Mechanisms of Mo2C(101)-Catalyzed Furfural Selective Hydrodeoxygenation to 2-Methylfuran from Computation

The selective formation of 2-methylfuran (F-CH3) and furan from furfural (F-CHO) hydrogenation and hydrodeoxygenation on clean and 4H precovered Mo2C(101) surfaces has been systematically computed on the basis of periodic density functional theory including dispersion correction (PBE-D3). The clean Mo2C(101) surface has two distinct surface sites: unsaturated C and Mo sites for the adsorption of H and furfural, respectively. The selectivity comes from the different preference of furfural hydrogenation and dissociation (F-CHO + H = F-CH2O vs F-CHO = F-CO + H) under the variation of H-2 partial pressure. On the basis of the computed minimum energy path on the clean surface, microkinetics shows that high H-2 partial pressure can promote 2-methylfuran formation and suppress furan formation. To verify this proposed selectivity trend of 2-methylfuran at high H-2 partial pressure, the 4H precovered Mo2C(101) surface (0.25 monolayer hydrogen coverage), which provides neighboring hydrogens for promoting furfural hydrogenation and blocks the active sites for suppressing furfural dissociation, has been used.

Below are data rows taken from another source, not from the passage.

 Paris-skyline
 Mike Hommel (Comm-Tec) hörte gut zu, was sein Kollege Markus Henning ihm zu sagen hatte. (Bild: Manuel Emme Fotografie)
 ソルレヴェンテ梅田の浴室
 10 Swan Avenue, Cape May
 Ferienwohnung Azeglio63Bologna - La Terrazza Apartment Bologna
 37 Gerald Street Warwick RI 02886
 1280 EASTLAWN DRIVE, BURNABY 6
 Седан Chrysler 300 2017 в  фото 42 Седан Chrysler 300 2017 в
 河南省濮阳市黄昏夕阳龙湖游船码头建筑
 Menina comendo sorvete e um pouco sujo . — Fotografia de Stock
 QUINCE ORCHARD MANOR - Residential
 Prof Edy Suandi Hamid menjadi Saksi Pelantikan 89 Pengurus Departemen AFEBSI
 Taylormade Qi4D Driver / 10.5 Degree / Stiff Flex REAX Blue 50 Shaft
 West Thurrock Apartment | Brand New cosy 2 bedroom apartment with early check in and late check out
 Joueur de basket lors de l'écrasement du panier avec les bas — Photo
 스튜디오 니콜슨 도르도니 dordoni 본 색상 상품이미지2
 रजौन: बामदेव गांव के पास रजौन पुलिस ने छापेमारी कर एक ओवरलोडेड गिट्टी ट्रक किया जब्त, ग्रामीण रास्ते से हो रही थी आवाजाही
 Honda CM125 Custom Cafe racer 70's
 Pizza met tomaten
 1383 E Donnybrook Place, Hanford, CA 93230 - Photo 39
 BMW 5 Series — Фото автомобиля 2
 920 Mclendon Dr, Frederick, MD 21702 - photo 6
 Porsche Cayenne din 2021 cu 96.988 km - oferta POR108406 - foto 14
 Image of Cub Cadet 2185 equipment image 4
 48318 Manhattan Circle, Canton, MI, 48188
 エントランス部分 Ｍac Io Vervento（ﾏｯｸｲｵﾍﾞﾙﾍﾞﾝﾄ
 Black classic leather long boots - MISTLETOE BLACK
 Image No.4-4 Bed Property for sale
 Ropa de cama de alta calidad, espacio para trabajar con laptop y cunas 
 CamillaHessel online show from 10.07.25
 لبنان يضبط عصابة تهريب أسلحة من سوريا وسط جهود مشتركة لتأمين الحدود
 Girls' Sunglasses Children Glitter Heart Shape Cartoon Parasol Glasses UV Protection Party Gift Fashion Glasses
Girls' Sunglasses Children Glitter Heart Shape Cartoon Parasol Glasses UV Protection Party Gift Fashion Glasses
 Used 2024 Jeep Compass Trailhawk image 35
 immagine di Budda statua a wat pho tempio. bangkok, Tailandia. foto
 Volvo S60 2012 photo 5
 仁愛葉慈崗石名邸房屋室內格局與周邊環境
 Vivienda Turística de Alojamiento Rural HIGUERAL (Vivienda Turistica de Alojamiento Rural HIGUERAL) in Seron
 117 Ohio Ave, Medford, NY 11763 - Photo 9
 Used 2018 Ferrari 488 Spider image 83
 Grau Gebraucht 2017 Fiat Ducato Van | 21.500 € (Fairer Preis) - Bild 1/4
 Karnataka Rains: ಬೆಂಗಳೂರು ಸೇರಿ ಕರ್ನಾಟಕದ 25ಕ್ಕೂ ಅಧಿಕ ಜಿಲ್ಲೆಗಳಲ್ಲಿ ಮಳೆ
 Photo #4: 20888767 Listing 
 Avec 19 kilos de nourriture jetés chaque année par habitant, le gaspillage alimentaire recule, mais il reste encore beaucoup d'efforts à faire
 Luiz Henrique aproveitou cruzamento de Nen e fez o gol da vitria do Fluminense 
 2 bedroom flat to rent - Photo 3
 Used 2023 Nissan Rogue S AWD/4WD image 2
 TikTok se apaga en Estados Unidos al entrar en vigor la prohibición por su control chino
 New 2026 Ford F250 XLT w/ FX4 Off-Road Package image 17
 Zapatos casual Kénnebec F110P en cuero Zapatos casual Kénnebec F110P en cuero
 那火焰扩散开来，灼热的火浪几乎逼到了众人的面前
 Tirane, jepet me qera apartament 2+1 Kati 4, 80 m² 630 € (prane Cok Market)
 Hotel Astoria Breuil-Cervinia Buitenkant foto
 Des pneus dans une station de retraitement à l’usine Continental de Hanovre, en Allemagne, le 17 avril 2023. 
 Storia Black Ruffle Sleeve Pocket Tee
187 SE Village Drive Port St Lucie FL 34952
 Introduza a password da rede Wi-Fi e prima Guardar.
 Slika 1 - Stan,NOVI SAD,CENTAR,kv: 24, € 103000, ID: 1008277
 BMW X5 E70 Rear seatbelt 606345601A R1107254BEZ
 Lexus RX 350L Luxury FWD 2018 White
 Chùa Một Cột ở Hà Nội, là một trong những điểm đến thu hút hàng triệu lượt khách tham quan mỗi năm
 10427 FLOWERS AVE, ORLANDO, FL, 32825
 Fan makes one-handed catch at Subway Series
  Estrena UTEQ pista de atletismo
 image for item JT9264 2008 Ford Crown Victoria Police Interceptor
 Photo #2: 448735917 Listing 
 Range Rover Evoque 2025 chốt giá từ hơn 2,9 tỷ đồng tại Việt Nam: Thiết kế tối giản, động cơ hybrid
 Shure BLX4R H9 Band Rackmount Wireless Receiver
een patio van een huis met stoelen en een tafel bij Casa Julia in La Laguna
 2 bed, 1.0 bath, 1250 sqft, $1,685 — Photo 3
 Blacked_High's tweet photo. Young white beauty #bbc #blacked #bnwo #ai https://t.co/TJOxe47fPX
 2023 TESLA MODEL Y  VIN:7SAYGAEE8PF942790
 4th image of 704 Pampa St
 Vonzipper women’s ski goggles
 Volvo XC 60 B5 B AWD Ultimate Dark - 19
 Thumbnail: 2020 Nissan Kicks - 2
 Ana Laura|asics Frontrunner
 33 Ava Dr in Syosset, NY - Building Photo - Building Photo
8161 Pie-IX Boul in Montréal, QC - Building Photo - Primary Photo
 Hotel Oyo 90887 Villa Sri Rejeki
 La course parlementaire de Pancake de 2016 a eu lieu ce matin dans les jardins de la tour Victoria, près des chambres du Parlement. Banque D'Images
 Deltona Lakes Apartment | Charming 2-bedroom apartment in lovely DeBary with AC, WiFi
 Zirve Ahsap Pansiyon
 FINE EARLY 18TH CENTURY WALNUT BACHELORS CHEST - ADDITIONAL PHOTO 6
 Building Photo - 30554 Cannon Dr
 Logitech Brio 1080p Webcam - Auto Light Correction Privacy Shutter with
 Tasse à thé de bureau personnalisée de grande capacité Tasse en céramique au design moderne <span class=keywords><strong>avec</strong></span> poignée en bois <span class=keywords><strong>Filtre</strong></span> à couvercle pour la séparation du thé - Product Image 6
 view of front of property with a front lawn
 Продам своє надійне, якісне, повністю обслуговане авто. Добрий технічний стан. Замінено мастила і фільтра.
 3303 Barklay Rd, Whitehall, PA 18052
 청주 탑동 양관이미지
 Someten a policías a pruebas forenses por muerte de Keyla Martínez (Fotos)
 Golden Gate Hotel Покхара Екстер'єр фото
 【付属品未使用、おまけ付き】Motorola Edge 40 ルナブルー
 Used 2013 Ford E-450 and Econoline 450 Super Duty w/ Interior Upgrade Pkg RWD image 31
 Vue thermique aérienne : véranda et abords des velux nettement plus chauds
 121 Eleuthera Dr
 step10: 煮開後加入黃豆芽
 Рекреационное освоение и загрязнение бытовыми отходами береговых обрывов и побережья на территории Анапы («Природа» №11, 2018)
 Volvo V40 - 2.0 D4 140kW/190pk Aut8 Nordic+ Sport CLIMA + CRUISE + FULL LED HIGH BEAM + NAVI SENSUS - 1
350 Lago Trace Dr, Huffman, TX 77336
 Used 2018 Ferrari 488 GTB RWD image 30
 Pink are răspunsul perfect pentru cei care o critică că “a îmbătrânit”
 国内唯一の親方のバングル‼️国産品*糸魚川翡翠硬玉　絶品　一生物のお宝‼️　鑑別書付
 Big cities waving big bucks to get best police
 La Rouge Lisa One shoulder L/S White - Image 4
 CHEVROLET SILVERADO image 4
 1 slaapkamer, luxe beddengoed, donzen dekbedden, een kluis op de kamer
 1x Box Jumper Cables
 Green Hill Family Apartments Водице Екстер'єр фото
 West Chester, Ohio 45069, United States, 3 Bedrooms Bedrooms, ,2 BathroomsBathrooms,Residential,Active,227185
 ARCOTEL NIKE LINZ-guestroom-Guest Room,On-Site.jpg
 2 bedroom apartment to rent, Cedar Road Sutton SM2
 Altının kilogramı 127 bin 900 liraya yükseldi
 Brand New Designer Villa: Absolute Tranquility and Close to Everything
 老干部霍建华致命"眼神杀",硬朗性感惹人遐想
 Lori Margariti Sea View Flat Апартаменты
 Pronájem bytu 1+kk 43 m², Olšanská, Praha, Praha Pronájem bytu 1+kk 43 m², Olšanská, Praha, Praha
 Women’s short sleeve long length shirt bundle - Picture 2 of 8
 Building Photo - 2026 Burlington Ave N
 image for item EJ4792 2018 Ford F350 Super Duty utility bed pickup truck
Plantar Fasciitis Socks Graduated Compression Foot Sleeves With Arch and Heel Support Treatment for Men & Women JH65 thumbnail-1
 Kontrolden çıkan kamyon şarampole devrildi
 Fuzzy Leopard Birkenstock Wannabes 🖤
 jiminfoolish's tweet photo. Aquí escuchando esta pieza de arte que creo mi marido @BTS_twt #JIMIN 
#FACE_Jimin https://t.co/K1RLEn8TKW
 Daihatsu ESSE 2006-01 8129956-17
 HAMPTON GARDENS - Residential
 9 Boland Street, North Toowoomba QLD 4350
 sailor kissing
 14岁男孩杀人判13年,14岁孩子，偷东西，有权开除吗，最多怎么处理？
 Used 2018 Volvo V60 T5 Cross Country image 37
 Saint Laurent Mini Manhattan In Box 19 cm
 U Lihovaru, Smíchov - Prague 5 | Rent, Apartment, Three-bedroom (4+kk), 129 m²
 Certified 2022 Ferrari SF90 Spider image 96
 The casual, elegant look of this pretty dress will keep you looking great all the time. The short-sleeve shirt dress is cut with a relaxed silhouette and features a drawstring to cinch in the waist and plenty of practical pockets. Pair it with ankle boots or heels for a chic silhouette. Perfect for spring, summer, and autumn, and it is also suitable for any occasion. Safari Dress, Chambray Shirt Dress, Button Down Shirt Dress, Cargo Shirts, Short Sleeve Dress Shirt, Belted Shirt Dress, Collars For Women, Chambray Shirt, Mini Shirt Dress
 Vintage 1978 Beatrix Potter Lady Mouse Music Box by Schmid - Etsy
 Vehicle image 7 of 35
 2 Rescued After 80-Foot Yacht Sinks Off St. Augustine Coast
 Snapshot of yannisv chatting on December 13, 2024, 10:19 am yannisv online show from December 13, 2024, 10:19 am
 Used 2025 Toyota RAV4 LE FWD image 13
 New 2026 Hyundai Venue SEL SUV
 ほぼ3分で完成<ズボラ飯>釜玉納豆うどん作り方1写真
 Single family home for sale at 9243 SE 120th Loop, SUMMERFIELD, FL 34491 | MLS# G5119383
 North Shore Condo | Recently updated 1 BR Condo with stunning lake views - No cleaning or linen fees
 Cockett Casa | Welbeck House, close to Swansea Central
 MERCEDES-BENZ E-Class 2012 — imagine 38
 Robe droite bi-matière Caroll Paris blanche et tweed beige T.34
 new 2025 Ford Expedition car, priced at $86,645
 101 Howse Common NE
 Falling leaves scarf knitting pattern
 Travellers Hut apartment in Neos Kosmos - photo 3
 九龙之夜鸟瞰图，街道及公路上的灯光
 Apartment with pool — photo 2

The computed results are in full agreement with the experimentally observed selective formation of 2-methylfuran and the H-2 reaction order of one half as well as rationalize the need for a high H-2/furfural ratio (400/1). On the basis of these results, a new two-step protocol for experiments is proposed: i.e., the first step is the pretreatment of the catalyst with hydrogen, and the second step is furfural hydrogenation on H precovered catalysts.